Effect of Bush Tax Cuts On Federal Debt

Effect Of Bush Tax Cuts On Annual Deficits

These are quotations directly from Standard & Poor's list of reasons for taking action now...
We have changed our assumption on this because the majority of Republicans in Congress continue to resist any measure that would raise revenues, a position we believe Congress reinforced by passing the act
The statutory debt ceiling and the threat of default have become political bargaining chips in the debate over fiscal policy.
It appears that for now, new revenues have dropped down on the menu of policy options.
The act (deal to raise debt limit) contains no measures to raise taxes or otherwise enhance revenues, though the committee could recommend them.
The majority of Republicans in Congress continue to resist any measure that would raise revenues
It's crystal clear that they're saying it was stubbornness and stupidity that got us here and they predict more stubbornness and stupidity in the future. They didn't lower our credit rating because they think we might not be able to pay our debts. They lowered our credit rating because they think we might choose not to pay our debts. A large majority of Americans favor a balanced solution of spending cuts coupled with revenue enhancement. A large majority of Americans favor raising taxes on the rich, who are currently enjoying the lowest tax burden in modern history. A small minority in one half of one third of our government - tea baggers in the House, absotively posilutely refuse to even consider any such thing. And here we are, stymied by an ideologically inflexible, economically illiterate minority from doing what the majority knows is right.

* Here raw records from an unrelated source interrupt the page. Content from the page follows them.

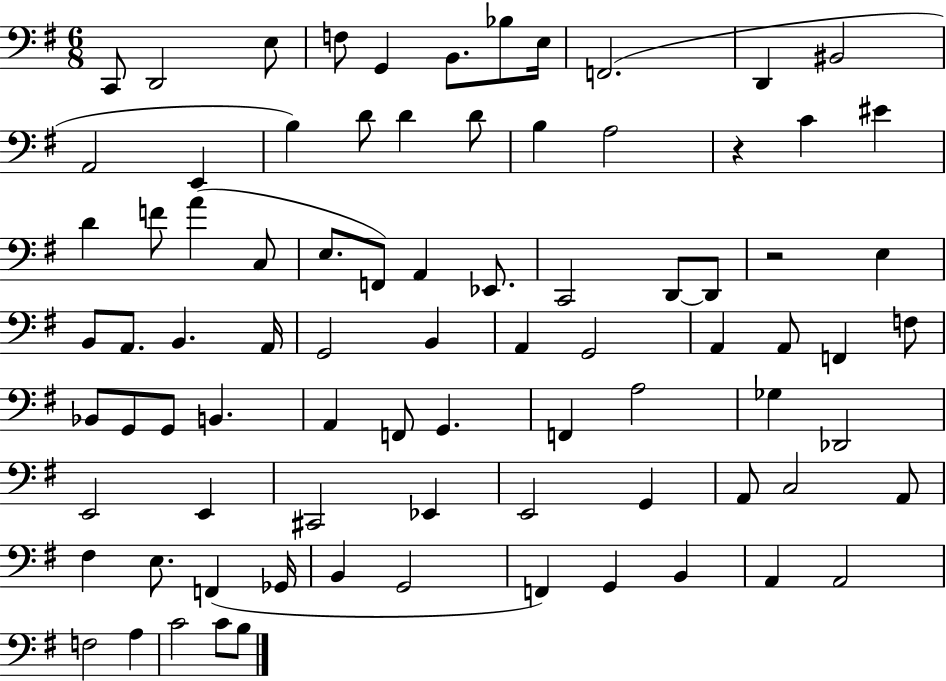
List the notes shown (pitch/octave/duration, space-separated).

C2/e D2/h E3/e F3/e G2/q B2/e. Bb3/e E3/s F2/h. D2/q BIS2/h A2/h E2/q B3/q D4/e D4/q D4/e B3/q A3/h R/q C4/q EIS4/q D4/q F4/e A4/q C3/e E3/e. F2/e A2/q Eb2/e. C2/h D2/e D2/e R/h E3/q B2/e A2/e. B2/q. A2/s G2/h B2/q A2/q G2/h A2/q A2/e F2/q F3/e Bb2/e G2/e G2/e B2/q. A2/q F2/e G2/q. F2/q A3/h Gb3/q Db2/h E2/h E2/q C#2/h Eb2/q E2/h G2/q A2/e C3/h A2/e F#3/q E3/e. F2/q Gb2/s B2/q G2/h F2/q G2/q B2/q A2/q A2/h F3/h A3/q C4/h C4/e B3/e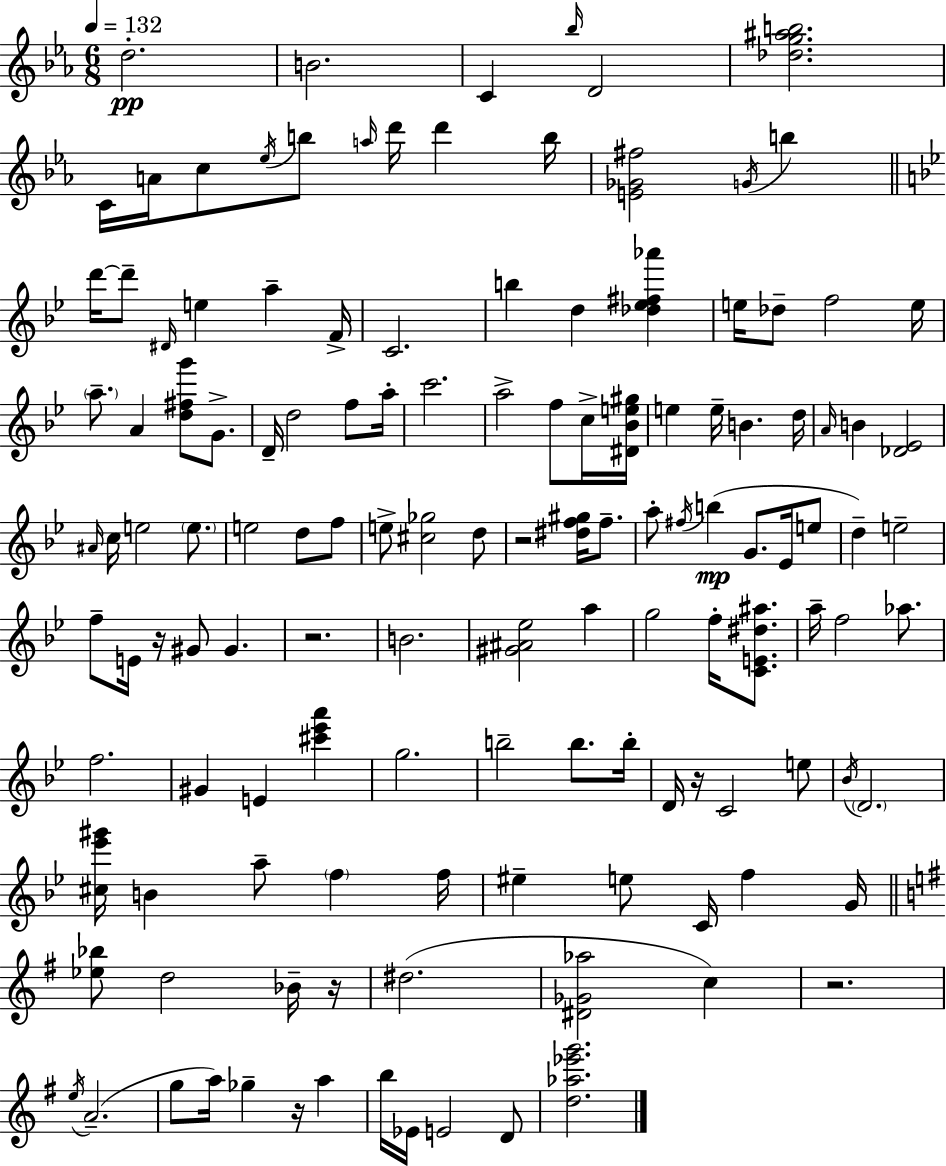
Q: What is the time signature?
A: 6/8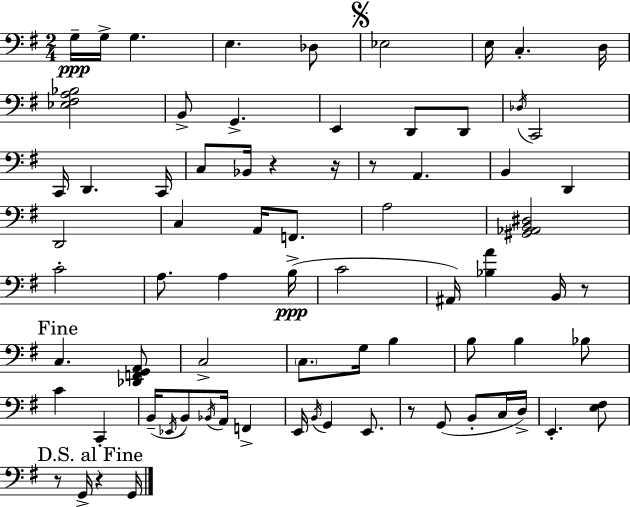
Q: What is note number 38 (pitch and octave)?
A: C3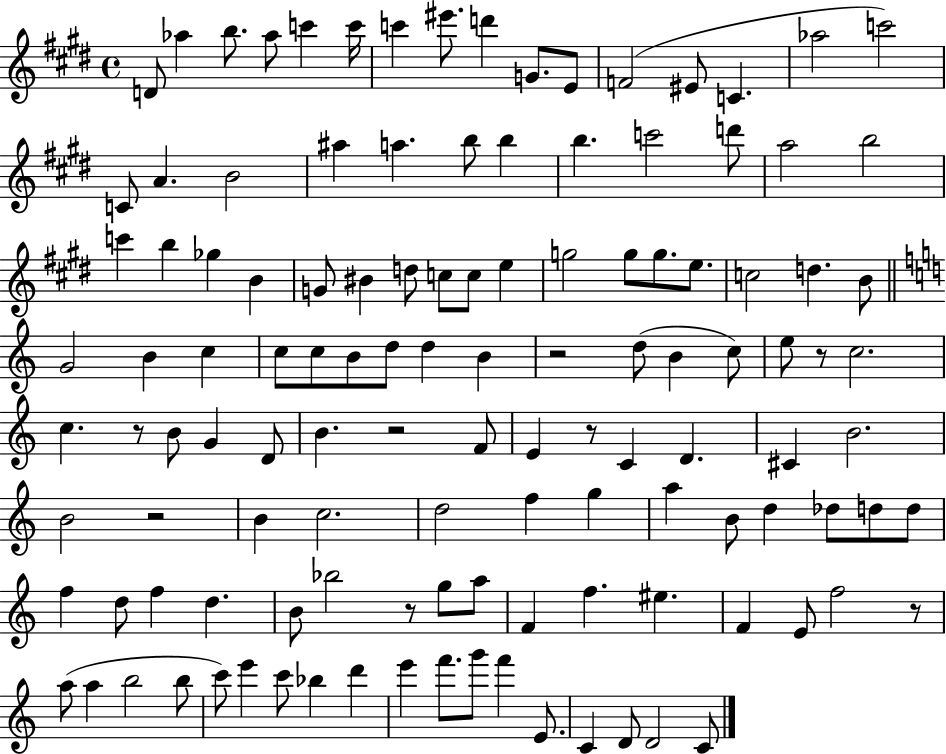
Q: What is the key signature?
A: E major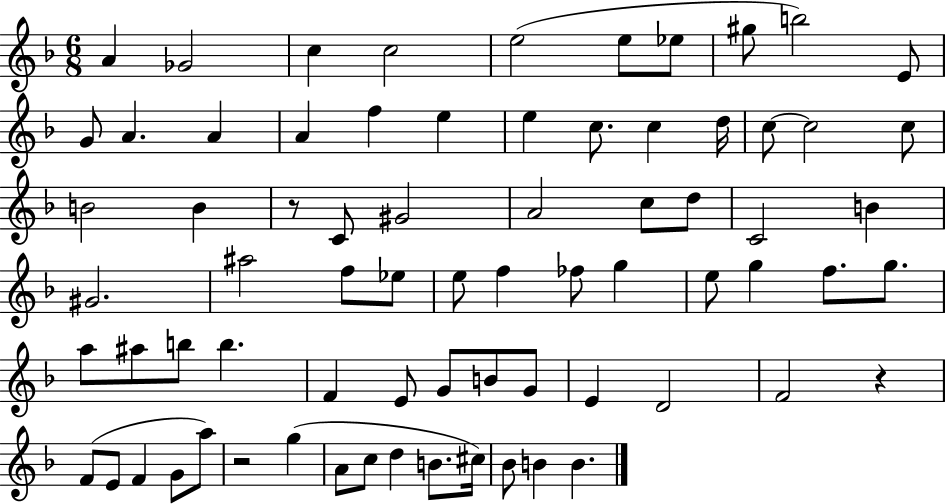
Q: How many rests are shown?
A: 3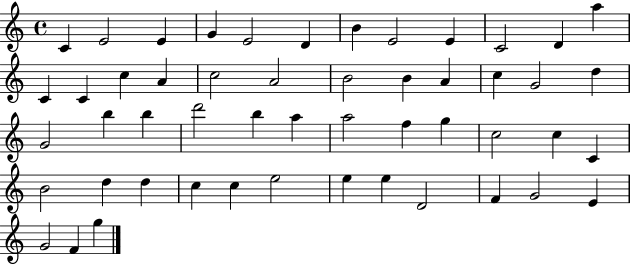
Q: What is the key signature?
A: C major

The credit ratings agencies are hardly innocent in all of this. Nor are they omnipotent voices ringing down from from Mount Olympus dictating The Way Things Are for we mere mortals. It was these very same agencies that rated bundles of paper not worth wiping your butt with as AAA rock solid securities. But they are right to be concerned about our future. If we continue to allow a small and irresponsible minority to dictate suicidal policy, we will all be the victims.